Reflections for Choral Evensong with King’s-Edgehill School Cadet Corps
admin | 29 April 2012Reflections 2012 – “Dance me to the end of love”
KES Cadet Corps Church Parade
Christ Church, April 27th, 3:00pm
I.
“If music be the food of love, play on,” as Shakespeare puts it in Twelfth Night. There is “the sweet power of music,” he suggests, in The Merchant of Venice. Indeed, “the man that hath no music in himself/ Nor is not moved with concord of sweet sounds, is fit for treasons, strategems, and spoils … Let no such man be trusted. Mark the music.”
And it has been a year of music and dance, a dance that embraces the highs and the lows of every aspect of our year at King’s-Edgehill. It is, perhaps, in the music of the spheres and in the dance of the understanding that we have learned something more about ourselves, about one another and about our world. “Mark the music.” Enter the dance. Dance me to the end of love.
II.
Leonard Cohen’s lyrical masterpiece, “Dance Me to the End of Love,” is about the triumph of love even in the midst of the greatest horrors such as the holocaust.

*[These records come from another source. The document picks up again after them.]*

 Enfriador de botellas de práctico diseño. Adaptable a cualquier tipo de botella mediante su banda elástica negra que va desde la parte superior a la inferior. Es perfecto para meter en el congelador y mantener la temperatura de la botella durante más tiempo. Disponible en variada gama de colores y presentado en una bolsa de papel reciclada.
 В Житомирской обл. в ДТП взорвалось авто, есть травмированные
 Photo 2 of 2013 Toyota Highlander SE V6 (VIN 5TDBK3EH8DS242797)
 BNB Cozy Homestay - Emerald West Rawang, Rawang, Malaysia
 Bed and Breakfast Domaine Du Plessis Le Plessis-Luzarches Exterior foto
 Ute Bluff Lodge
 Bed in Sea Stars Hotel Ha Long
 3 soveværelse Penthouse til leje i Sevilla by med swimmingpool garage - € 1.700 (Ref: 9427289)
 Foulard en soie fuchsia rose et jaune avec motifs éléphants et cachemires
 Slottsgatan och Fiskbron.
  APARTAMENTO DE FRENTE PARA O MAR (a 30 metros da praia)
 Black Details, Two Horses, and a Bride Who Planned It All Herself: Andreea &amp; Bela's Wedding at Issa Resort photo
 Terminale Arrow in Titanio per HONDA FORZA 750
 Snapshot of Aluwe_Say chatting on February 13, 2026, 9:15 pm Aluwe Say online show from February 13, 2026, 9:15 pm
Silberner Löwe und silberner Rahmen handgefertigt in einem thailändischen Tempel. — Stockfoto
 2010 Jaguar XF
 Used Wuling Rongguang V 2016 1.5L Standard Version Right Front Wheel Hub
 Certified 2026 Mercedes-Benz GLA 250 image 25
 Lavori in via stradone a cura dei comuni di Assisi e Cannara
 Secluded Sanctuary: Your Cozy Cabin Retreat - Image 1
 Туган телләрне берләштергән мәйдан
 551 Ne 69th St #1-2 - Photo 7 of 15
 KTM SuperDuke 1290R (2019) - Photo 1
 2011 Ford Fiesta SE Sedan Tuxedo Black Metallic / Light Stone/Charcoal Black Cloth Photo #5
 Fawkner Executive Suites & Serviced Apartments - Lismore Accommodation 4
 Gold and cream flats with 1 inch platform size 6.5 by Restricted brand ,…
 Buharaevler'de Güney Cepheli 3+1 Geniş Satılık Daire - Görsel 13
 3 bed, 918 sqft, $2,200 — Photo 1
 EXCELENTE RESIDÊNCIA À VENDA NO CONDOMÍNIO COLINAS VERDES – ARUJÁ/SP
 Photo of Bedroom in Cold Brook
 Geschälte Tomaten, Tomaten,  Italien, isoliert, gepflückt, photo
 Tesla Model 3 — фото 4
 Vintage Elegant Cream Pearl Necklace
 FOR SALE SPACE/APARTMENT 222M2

Dance me to your beauty with a burning violin
Dance me through the panic till I’m gathered safely in
Lift me like an olive branch and be my homeward dove
Dance Me To The End Of Love…
The song was inspired by the story of the death camps in the Holocaust when Jewish musicians were required to play classical music, the music of Mozart and Haydn, for instance, while their people were being led to their deaths and their bodies to the burning. It is a haunting image. A string quartet plays with passionate intensity for those whose fate is their own, playing with passionate intensity the music which belongs to human dignity and beauty in the face of unspeakable and utterly inhuman indignities and horror. The Jews of Europe were betrayed by the culture that betrayed itself. And yet, there is the haunting and compelling beauty of the refrain, Dance me to the end of love.